Modern ETL for Text Vector Data Using Apache SeaTunnel and Amazon Bedrock

Xin Zhang

Chinese Session #ai

In the wave of enterprise intelligence upgrades, information retrieval is shifting from “keyword matching” to “semantic understanding.” Traditional search engines based on inverted indexes rely on string-level matching, which makes it difficult to capture the true intent behind user queries. This limits the effectiveness of search experiences, recommendation accuracy, customer service responses, and the intelligence of knowledge-based Q&A systems.

For example, on an e-commerce platform, when a user searches for “white dress suitable for summer,” a system that only matches keywords in product titles or categories is unlikely to understand the full semantic meaning of “suitable for summer,” which may involve fabric, style, and other dimensions. Similar challenges exist in financial document search, intelligent customer service, knowledge graph associations, and more.

To address this, we aim to build a semantic search system powered by vector retrieval. The core goal is to transform text fields in business data into semantic vectors in real time, write them to a database that supports approximate nearest neighbor (ANN) vector search, and enable semantic-level information retrieval.
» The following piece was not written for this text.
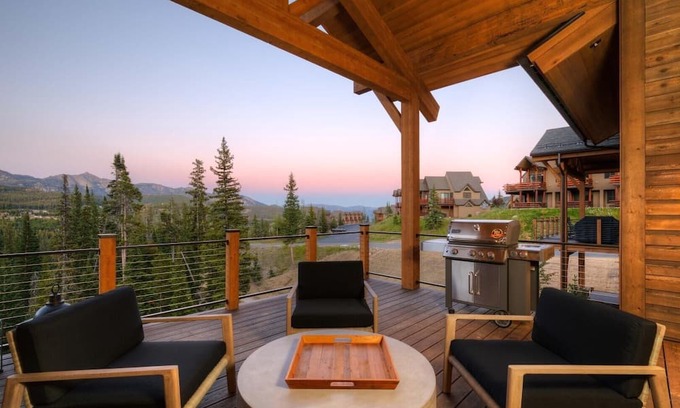 Saddle Ridge House | NEW! 83D Lodgeside (3-Bedroom Townhouse) with Mountain view by Moonlight Basin Lodging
Using SeaTunnel’s OpenSearch Sink plugin, we can call the embedding service during the Transform stage in SeaTunnel to convert raw text fields into high-dimensional dense vectors while retaining associated IDs, tags, and metadata for downstream storage.

Speakers:


Xin Zhang is an AWS Solutions Architect, responsible for solution consulting and design based on the AWS Cloud platform. He has a rich experience in R&D and architecture practice in the fields of system architecture, data warehousing, and real-time computing.